====== INFORMATION PROVIDED ======
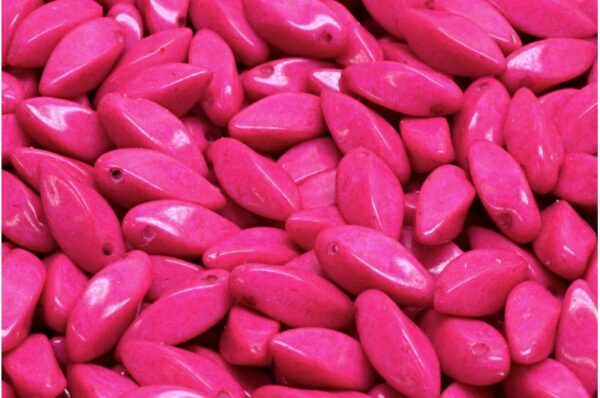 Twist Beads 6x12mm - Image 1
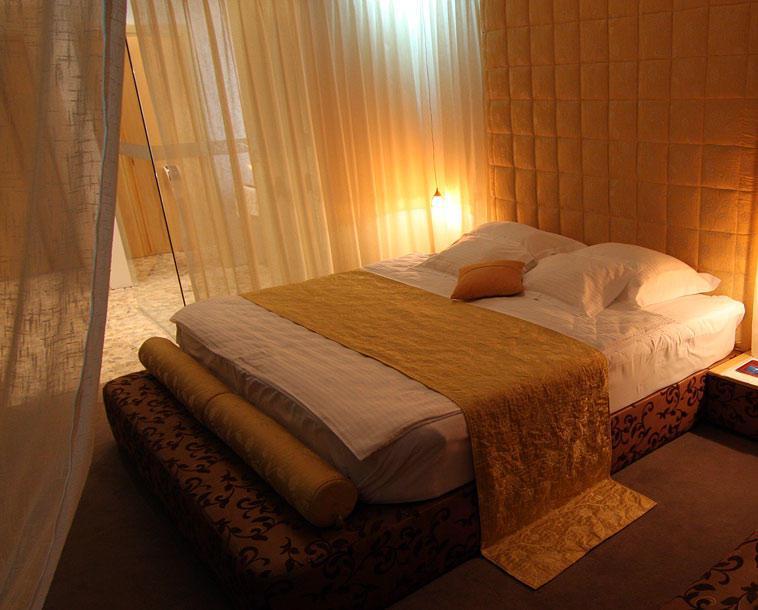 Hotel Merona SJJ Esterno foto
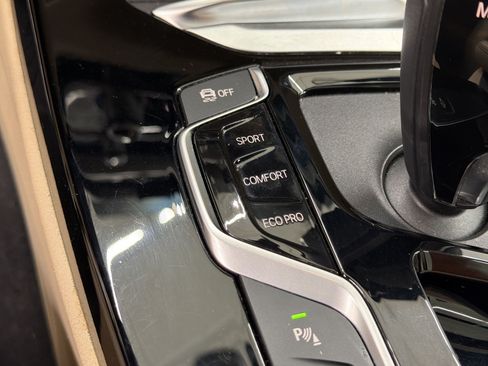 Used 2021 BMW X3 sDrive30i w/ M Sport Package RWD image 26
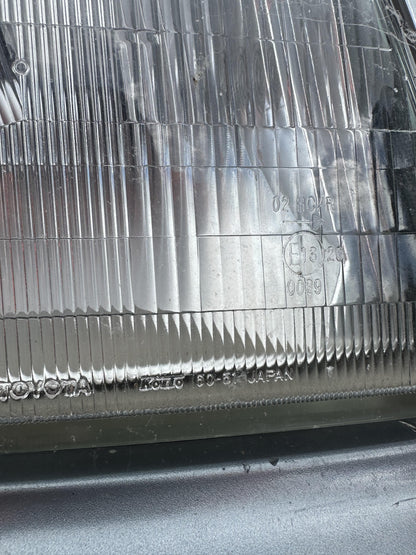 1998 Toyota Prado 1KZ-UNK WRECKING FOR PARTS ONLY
======
**EXERCISE DIRECTIONS:** Without the pictures, transcribe the listing exactly as it stands.

**OUTPUT:**
 Twist Beads 6x12mm - Image 1
 Hotel Merona SJJ Esterno foto
 Used 2021 BMW X3 sDrive30i w/ M Sport Package RWD image 26
 1998 Toyota Prado 1KZ-UNK WRECKING FOR PARTS ONLY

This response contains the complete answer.